Beyond the Buzzwords: Reflections from FreightWaves F3 and the Future of AI in Freight

The FreightWaves F3: Future of Freight Festival was buzzing with energy this week, and predictably, AI was a hot topic. Despite the hype, much of what we observed seemed to be familiar functionality presented in slightly different forms. Here are my takeaways.

Beyond the Buzzwords: Reflections from FreightWaves F3 and the Future of AI in Freight

The FreightWaves F3: Future of Freight Festival was buzzing with energy last week, and predictably, AI was a hot topic. Everywhere you turned, companies were touting “AI-powered platforms,” “intelligent automation,” and “autonomous decisioning.” Despite the hype, much of what we observed seemed to be familiar functionality presented in slightly different forms.

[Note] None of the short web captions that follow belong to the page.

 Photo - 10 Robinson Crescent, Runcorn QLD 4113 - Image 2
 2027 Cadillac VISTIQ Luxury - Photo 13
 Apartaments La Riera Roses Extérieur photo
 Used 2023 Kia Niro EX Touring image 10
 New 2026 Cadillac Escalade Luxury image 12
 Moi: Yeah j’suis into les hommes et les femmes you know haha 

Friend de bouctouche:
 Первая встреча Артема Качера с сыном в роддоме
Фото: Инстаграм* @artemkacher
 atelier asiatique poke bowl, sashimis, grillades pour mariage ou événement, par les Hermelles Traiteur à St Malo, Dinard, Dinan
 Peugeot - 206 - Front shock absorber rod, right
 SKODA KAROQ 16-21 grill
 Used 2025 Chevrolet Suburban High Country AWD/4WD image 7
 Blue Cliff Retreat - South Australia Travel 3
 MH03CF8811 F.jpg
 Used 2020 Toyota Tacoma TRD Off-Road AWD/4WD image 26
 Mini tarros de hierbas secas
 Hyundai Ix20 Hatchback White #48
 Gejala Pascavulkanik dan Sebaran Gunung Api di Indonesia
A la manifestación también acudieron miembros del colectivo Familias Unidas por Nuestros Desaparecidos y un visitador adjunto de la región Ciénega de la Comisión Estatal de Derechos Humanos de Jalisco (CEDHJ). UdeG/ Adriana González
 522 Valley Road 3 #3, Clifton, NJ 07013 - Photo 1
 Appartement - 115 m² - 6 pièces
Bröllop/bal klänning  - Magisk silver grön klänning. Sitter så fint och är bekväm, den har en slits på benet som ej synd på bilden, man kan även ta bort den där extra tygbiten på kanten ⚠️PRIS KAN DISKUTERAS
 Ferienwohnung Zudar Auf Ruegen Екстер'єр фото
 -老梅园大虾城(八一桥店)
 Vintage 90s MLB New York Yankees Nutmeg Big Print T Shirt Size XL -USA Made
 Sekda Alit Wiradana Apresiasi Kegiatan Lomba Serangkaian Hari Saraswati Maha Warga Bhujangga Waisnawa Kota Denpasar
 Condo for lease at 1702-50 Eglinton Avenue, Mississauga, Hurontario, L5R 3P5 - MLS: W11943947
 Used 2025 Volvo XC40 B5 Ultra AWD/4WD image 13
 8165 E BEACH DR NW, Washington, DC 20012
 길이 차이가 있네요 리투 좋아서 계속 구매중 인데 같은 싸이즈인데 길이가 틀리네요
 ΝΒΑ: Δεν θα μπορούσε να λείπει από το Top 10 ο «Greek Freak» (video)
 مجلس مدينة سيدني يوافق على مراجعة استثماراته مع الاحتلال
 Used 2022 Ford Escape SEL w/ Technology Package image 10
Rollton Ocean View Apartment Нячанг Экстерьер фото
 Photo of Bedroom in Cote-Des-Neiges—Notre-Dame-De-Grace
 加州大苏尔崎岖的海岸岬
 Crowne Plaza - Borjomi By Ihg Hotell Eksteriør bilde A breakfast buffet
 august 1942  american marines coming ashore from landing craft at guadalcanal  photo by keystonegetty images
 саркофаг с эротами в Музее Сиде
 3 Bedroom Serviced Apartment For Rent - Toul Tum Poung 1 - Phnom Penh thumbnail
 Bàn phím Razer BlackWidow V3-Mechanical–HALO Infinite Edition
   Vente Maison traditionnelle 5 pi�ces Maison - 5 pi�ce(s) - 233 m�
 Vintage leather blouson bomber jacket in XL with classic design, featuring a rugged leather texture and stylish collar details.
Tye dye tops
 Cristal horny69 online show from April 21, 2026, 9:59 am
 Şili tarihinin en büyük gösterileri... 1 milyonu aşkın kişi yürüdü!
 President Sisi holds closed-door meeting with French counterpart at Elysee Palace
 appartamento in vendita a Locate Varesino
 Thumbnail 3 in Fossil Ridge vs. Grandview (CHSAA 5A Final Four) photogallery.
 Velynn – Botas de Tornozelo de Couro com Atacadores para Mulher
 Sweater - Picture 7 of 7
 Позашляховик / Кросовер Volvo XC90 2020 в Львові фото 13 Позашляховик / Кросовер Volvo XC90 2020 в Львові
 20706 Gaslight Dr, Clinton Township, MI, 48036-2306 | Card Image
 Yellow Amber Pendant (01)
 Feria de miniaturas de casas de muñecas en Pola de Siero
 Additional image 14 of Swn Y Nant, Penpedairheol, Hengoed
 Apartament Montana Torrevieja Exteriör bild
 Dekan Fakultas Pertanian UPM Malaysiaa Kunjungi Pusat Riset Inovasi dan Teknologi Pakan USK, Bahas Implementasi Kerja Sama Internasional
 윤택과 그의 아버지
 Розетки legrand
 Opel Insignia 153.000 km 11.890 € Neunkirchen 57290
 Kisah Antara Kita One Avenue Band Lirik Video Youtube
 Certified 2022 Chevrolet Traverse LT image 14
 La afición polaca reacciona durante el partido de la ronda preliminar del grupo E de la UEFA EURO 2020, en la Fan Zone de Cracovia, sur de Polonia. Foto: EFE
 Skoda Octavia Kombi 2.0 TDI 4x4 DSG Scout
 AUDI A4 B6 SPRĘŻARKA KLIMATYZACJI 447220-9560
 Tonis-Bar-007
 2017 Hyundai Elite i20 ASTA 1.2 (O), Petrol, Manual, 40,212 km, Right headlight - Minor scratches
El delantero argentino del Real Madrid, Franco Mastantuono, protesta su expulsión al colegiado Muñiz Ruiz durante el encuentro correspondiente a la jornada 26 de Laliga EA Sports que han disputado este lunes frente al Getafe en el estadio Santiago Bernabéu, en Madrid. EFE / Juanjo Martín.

Several recurring themes emerged:

1. Building for Today vs. Building for Tomorrow

Too many founders are still solving today’s visible problems instead of building for the future. That’s not entirely their fault. Their customers are often stuck in the same mindset. But this is exactly where the opportunity lies: to wedge in by solving the now, while architecting for what’s next.

For example, as I mentioned on stage this week with Craig Fuller, the “load board wars” will not exist in the future because load boards themselves will not exist. They’ll be replaced by intelligent systems that remember, learn, and execute without human intervention.

2. AI That Isn’t Really AI

Many legacy freight management systems are promoting AI solutions that are actually built on robotic process automation (RPA). They’re scripting tasks, not teaching systems to learn. True AI requires model training, data depth, and observability — not just buttons that move data from one screen to another. Put simply, RPA can’t learn, but AI can.

To remain competitive in an evolving industry that will prioritize intelligence over traditional workflows, these companies will inevitably face a critical decision: either acquire an existing AI-native platform or undertake the significant effort of rebuilding their core system from the ground up. This challenging, yet essential, choice is vital for their survival.

3. The Back-Office Boom and Limitations

There’s an emerging wave of AI startups focused on automating back-office work. While their ambition is right, their execution is premature. Many lack scale, customers, and, most importantly, an understanding of the deep complexity of freight operations.

AI in logistics isn’t plug-and-play. It requires industry context, massive data training, and continuous refinement. Those who underestimate that reality will struggle to move beyond flashy demos.

4. In Live Demos We Trust

It wasn’t difficult to notice how many companies were relying on pre-recorded AI demos. Trying to demonstrate interactivity with a scripted video just doesn’t have the same impact that a live demo would. To foster trust within this industry, authenticity is paramount and outweighs theatrical presentations.

6. UI Still Matters (For Now)

While the long-term promise of AI will diminish the need for traditional interfaces, UI still matters today — not for aesthetics, but for storytelling. The interface is how abstract intelligence becomes tangible. It’s how skeptical operators begin to believe.

Just like in childhood “show and tell,” the best demos show before they tell. A thoughtful UI doesn’t just demonstrate capability; it builds conviction. It helps people say, “That’s better than what we do today.”

Looking Ahead

F3 highlighted the nascent understanding of AI within the freight tech industry. The next wave won’t be defined by who automates the most tasks, but by who builds systems that learn, decide, and evolve. 

Ultimately, the core objective of AI in logistics is to reduce the latency and discrepancy between incoming information and the resulting action. As the legendary supply chain leader Dave Clark recently stated in the context of supply chain management, this is about "Reflexive Velocity—the gap between signal and response."